Tuesday, September 19, 2006


In Overcoming Binge Eating, Dr. Christopher Fairburn describes a common pathway for how patients arrive at bulimic behavior:
Typically the person begins dieting and losing weight in the mid-teenage years, despite in many cases not having been overweight in the first place. When the weight loss is extreme, it leads to the development of anorexia nervosa. Eventually, after a varying amount of time, the person’s control over eating starts to break down and he or she begins to binge. Control progressively deteriorates, and the person’s weight gradually returns to near its original level.
Once bingeing begins, it may only be a matter of time before the fear of weight-gain escalates to the point of necessitating the purge.

Sound familiar?

Of course, anorexia is not a required stop in this journey—many people swing from dieting to binge eating without a descent into full-blown anorexia. In either case, one of the easiest points of intervention in this dieting-->anorexia (or not)-->binge eating-->bulimia cycle is the dieting stage. Dr. Fairburn talks about three forms of dieting, including:
1) Trying not to eat for long periods of time 2) Trying to restrict the overall amount eaten 3) Trying to avoid certain types of food
According to him, any of these restrictions can eventually lead to a binge. What I find interesting is how creative we are with our dieting attempts—we may think we’re not dieting because we’re not on a specific plan or because we eat three meals a day, but when you consider the restrictions above, it’s clear how the diet can cleverly masquerade as “I’m too busy to eat” or “I’m just being healthy.” Will dieting always segue into an eating disorder? No. But, for many it will, and it’s important to be aware of this outcome and to be on guard for the plunge into anorexic or binge-eating behavior.

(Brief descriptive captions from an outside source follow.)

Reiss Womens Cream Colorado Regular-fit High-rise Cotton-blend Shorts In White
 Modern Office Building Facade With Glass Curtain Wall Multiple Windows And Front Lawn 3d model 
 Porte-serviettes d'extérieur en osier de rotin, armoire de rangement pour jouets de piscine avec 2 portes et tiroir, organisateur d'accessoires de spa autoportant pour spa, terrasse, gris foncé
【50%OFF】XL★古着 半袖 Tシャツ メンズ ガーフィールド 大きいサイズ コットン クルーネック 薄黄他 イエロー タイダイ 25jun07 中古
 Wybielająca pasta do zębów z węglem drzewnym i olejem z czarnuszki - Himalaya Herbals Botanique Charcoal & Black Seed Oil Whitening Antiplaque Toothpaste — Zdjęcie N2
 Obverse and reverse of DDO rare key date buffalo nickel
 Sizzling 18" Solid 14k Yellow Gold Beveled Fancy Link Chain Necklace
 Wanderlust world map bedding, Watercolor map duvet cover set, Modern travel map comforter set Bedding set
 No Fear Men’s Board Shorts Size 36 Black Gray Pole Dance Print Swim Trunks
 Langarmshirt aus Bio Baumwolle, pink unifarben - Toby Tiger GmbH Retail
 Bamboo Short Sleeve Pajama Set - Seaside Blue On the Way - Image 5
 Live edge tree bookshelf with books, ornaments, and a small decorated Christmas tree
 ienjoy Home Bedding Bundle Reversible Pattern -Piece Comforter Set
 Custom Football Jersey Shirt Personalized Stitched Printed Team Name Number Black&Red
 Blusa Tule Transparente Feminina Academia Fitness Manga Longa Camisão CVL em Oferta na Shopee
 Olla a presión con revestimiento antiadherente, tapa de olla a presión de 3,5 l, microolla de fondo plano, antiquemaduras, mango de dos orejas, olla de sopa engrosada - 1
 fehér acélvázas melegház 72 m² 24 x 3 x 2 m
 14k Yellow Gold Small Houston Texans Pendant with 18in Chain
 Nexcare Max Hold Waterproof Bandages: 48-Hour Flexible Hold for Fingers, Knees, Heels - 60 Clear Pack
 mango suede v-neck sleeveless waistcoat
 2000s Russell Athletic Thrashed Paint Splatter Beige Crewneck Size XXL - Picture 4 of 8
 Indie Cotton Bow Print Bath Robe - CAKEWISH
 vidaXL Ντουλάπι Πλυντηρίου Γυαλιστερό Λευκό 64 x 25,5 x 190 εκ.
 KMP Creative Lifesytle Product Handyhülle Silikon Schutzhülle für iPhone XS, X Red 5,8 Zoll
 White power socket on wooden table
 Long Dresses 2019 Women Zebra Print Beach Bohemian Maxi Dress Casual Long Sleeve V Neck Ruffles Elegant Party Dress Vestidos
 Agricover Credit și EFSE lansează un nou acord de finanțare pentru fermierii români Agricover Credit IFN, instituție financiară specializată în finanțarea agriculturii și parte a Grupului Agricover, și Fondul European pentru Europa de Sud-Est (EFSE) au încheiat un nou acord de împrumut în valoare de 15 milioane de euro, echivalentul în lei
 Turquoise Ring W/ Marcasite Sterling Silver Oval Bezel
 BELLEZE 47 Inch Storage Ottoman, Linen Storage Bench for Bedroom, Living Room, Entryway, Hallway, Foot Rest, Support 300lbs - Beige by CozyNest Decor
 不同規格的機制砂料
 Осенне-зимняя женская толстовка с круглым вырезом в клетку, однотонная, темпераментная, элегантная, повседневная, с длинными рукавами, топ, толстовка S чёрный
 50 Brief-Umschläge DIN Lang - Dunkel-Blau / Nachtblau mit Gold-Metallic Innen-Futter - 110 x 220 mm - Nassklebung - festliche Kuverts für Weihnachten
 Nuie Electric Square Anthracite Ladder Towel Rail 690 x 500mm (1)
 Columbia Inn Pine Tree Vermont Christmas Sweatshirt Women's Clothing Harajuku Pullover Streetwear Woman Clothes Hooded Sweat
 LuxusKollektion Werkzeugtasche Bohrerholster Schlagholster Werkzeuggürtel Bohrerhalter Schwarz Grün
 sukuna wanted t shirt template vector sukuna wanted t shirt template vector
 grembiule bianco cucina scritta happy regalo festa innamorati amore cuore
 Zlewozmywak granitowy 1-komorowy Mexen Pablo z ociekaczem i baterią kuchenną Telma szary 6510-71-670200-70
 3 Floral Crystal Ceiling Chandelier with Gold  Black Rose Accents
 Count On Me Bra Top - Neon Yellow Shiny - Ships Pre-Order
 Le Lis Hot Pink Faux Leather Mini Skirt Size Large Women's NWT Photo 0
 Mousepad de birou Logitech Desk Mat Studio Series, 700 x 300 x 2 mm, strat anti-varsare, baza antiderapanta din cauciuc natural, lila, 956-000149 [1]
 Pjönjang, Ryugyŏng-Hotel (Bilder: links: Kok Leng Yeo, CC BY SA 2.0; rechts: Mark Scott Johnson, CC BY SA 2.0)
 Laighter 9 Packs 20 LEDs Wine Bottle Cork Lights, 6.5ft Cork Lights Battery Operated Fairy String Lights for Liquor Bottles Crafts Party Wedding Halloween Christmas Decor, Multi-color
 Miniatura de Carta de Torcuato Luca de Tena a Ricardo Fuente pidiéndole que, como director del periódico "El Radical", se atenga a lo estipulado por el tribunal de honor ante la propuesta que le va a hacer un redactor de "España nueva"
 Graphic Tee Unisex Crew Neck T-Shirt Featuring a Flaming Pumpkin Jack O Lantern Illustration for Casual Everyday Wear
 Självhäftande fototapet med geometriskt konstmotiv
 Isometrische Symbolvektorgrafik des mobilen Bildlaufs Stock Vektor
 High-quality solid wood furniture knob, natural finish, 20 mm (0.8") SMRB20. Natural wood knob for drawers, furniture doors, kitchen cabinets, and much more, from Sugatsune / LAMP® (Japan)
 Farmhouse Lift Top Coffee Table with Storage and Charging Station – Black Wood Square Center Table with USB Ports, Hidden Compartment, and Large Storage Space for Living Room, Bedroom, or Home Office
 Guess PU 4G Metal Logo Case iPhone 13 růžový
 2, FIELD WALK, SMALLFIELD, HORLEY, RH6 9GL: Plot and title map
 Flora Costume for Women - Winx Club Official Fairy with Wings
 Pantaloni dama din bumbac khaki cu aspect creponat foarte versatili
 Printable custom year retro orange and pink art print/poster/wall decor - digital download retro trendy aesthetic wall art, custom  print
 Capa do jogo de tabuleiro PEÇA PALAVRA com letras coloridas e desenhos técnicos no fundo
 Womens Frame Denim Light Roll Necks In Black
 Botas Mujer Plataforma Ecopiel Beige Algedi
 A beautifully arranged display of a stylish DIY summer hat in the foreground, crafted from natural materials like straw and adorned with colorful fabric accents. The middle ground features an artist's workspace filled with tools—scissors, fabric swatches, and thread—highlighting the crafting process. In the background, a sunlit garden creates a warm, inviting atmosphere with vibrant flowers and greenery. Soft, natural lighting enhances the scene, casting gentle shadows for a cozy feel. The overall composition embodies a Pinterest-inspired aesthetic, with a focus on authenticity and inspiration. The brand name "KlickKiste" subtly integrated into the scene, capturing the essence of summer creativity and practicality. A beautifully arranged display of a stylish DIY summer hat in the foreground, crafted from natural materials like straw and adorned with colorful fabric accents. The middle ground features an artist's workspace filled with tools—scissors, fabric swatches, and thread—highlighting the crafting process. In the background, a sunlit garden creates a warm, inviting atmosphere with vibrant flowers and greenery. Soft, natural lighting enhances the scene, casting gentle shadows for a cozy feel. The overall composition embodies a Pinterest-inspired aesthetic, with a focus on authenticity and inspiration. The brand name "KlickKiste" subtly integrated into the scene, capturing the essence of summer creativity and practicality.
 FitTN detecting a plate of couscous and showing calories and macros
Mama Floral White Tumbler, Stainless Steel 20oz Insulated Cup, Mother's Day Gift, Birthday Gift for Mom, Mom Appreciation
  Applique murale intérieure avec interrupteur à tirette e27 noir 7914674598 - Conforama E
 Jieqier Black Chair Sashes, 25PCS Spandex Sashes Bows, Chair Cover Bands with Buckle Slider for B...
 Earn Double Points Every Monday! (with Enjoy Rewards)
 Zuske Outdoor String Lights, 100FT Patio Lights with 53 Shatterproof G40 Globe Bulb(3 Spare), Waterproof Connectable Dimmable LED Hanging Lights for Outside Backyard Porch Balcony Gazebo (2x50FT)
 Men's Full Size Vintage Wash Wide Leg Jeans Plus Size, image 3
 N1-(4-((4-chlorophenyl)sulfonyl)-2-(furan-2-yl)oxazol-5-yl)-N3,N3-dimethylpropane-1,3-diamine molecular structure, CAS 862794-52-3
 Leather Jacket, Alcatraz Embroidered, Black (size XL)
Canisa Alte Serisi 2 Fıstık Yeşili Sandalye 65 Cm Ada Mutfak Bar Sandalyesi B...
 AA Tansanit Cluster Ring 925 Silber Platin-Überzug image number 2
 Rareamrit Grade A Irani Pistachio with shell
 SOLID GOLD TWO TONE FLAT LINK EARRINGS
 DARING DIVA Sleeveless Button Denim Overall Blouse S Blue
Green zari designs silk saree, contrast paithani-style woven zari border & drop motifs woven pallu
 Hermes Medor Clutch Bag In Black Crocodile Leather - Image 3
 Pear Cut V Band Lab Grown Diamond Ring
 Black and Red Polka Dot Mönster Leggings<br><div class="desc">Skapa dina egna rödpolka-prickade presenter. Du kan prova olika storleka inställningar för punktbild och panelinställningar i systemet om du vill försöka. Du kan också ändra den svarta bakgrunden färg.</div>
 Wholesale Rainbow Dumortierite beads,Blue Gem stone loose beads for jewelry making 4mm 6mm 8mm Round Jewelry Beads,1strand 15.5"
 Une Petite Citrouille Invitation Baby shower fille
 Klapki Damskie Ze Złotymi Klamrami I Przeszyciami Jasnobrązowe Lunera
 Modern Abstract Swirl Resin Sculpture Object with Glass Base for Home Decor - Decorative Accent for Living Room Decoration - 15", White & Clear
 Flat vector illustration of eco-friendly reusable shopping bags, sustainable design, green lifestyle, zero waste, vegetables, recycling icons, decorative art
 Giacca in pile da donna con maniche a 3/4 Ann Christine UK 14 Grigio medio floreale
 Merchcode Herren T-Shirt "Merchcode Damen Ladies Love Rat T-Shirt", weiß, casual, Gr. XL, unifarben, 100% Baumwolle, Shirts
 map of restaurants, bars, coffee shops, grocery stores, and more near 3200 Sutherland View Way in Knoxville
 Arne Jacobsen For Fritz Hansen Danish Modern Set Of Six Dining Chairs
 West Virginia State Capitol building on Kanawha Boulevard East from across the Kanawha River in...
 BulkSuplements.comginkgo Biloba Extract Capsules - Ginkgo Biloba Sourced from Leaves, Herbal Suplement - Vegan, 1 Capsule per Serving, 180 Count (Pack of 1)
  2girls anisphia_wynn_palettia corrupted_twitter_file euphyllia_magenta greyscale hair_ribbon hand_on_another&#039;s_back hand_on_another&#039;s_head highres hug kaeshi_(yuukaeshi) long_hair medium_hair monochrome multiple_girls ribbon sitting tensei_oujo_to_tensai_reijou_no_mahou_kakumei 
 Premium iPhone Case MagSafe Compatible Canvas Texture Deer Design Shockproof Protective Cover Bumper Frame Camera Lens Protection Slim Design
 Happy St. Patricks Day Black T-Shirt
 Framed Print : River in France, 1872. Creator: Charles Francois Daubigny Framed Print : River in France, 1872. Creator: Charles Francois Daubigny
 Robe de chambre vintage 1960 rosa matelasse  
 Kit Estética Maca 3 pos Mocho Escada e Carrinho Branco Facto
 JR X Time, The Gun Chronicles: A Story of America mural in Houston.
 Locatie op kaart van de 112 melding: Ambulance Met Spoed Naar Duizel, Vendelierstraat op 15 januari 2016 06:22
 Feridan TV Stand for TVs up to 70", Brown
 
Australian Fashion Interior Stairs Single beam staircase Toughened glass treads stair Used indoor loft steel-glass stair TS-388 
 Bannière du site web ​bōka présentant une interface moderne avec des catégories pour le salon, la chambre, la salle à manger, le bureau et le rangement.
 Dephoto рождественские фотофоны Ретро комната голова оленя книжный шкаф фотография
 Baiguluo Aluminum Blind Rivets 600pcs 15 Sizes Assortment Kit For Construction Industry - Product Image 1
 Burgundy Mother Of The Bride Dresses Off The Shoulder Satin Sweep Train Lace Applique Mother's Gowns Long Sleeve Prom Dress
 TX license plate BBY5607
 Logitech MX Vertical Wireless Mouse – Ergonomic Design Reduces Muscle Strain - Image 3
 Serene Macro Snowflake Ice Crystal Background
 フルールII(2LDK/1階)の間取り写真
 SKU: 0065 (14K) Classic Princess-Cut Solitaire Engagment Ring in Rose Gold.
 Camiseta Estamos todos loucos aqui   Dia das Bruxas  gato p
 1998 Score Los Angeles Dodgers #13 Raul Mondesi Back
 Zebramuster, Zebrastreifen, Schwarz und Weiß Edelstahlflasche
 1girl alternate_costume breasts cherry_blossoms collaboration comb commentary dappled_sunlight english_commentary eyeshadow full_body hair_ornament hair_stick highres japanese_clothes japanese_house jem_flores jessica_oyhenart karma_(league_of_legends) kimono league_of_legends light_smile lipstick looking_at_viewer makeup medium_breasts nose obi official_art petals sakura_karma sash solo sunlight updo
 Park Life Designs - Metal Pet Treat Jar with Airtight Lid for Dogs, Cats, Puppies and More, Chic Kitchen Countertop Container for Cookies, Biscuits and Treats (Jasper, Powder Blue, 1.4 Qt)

Friday, September 15, 2006


So, this is it—my 101st post! I still plan on posting regularly (aiming for twice a week), though will now turn more of my attention back to my clinical work, teaching, and getting this book proposal accepted.

For now, I’ve compiled (a la Barbara’s idea) a list of the blogs I know that link to me. Apologies if I got any of the addresses wrong—please feel free to correct or redirect in the comments section. Also, if you link to me but I don’t know it, please feel free to add your site. Thank you all for sending readers my way. Everyone else—check out these amazing blogs and the women who write them!

Thursday, September 14, 2006


Do you operate out of self-love or self-abuse? It’s something to consider, especially if you’d like to change something about yourself. I’d argue that no change can be made out of self-abuse. The self-loving part of you will always step in and sabotage the plan.

A big push in psychology (particularly with regard to eating disorders) is this concept of self-care. How do you comfort, soothe, and be kind to yourself? Are you compassionate, gentle, and patient, or harsh, punitive, and unyielding? What language do you use with yourself? Is it angry, hurtful, and condemning?

As someone who usually espouses the value of the continuum, I’m feeling pretty black-and-white on this one. It seems that so much of our behavior, particularly related to eating and our bodies, is either motivated by self-care or self-abuse. Eating when you’re hungry? Self-care. Exercising when you’re tired, or sick, or because you have to get rid of the fat? Self-abuse. Allowing yourself to have a food that you desire? Self-care. Eating when you’re stuffed? Self-abuse.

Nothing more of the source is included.